- Description of the task
Look for the line containing "In some other" and the line containing "Now check for" in the entries below. Copy those two and all lines between them exactly, leaving out pictures.

- Study material
Start of Block
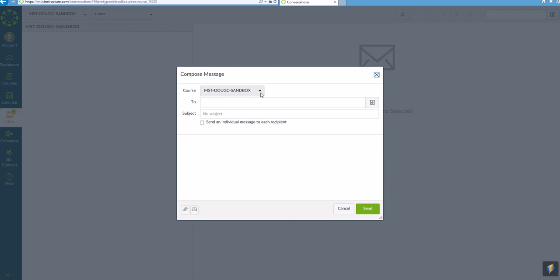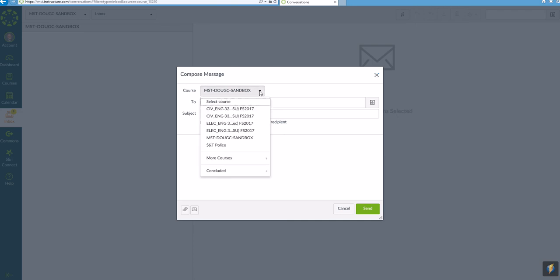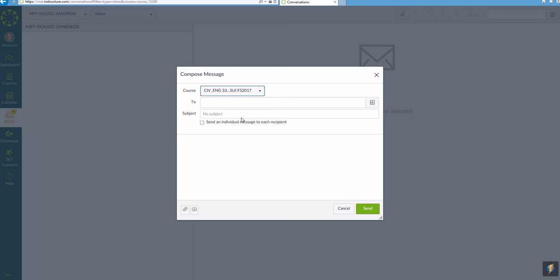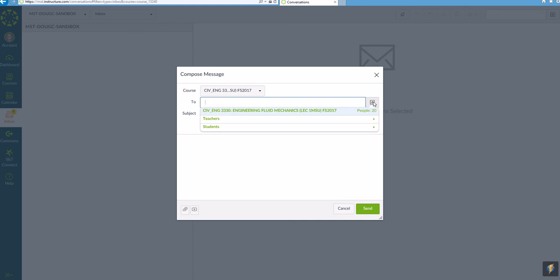You come into the course and you can choose whichever course you want to choose. If I wanted to send it to fluid mechanics, I can click on this one. You click on this button over here; you're probably going to want to send it to all the students.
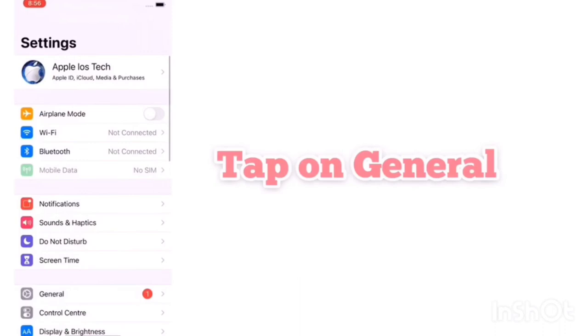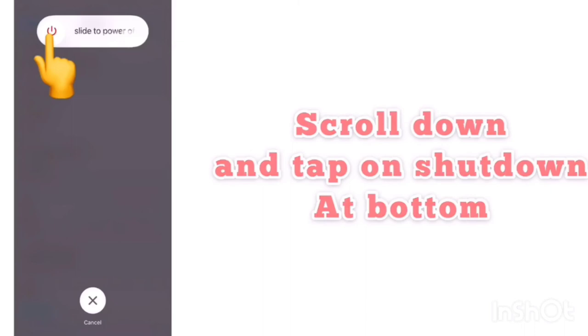Solution 3: Launch Settings. In the Settings page, scroll down to find General and tap it. In the General page, scroll down to find Shut Down at the bottom. Turn off your device. After 2 minutes, turn it back on. After turning on your device, repeat Solution 1 and Solution 2.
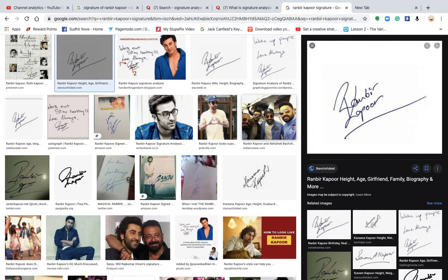So in this particular video, I will not touch on those aspects, but I will go ahead and explain the deeper meaning of what this signature is. It might be difficult to understand if you have not watched my other related videos. So now, let's go ahead and analyze this signature.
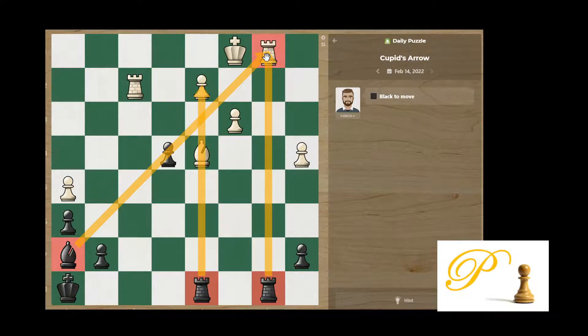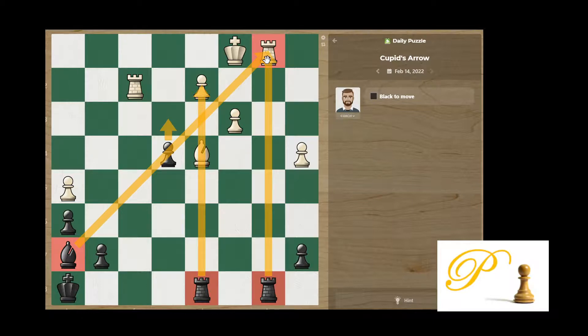In some other puzzles like blocking or interference, you also need those intersection points. Once you figure that out, you just plug a piece over there. Here this point is important because we have a discovered attack possibility. What we do is exchange a rook first — take there — then push and get the rook. You get two rooks for one.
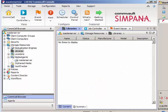Welcome everyone to the Commvault Symphona tutorials. Today's session is how to add a library under the CommCell.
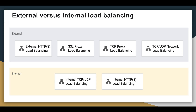Next we are going to see about internal load balancing. Internal load balancers distribute traffic to instances inside of Google Cloud. For external we have external HTTPS load balancing, SSL proxy load balancing, TCP proxy load balancing, and TCP/UDP network load balancing. For internal we have internal TCP/UDP load balancing and internal HTTPS load balancing.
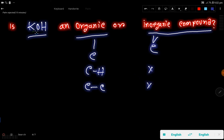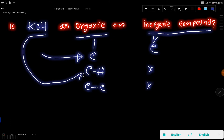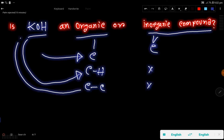Now check for potassium hydroxide: in potassium hydroxide we don't get carbon, so it is an inorganic compound. In potassium hydroxide we don't get carbon-hydrogen bonds, so potassium hydroxide is an inorganic compound. In potassium hydroxide we don't get carbon-carbon bonds, so this potassium hydroxide is an organic compound.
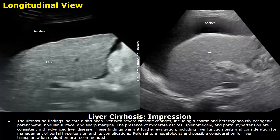This is the impression: the ultrasound findings indicate a shrunken liver with severe cirrhotic changes, including a coarse and heterogeneously echogenic parenchyma, nodular surface, and sharp margins. The presence of moderate ascites, splenomegaly, and portal hypertension are consistent with advanced liver disease. These findings warrant further evaluation including liver function tests and consideration for management of portal hypertension and its complications.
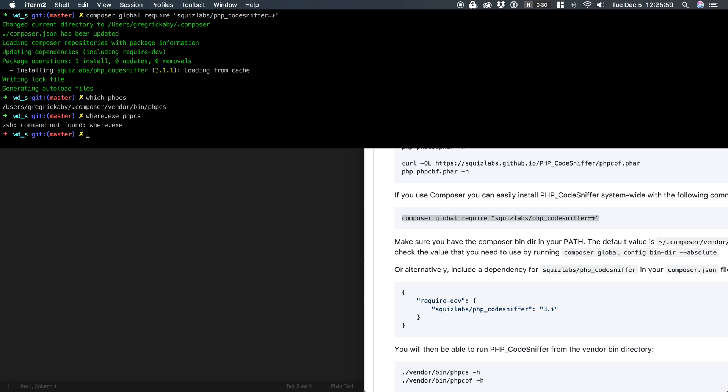So that's it. Now we have PHP CS available to us via the command line. Up next, I'm going to show you how to install rule sets.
End of Block
- Response to this task
In some other puzzles like blocking or interference, you also need those intersection points. Once you figure that out, you just plug a piece over there. Here this point is important because we have a discovered attack possibility. What we do is exchange a rook first — take there — then push and get the rook. You get two rooks for one.
Welcome everyone to the Commvault Symphona tutorials. Today's session is how to add a library under the CommCell.
Next we are going to see about internal load balancing. Internal load balancers distribute traffic to instances inside of Google Cloud. For external we have external HTTPS load balancing, SSL proxy load balancing, TCP proxy load balancing, and TCP/UDP network load balancing. For internal we have internal TCP/UDP load balancing and internal HTTPS load balancing.
Now check for potassium hydroxide: in potassium hydroxide we don't get carbon, so it is an inorganic compound. In potassium hydroxide we don't get carbon-hydrogen bonds, so potassium hydroxide is an inorganic compound. In potassium hydroxide we don't get carbon-carbon bonds, so this potassium hydroxide is an organic compound.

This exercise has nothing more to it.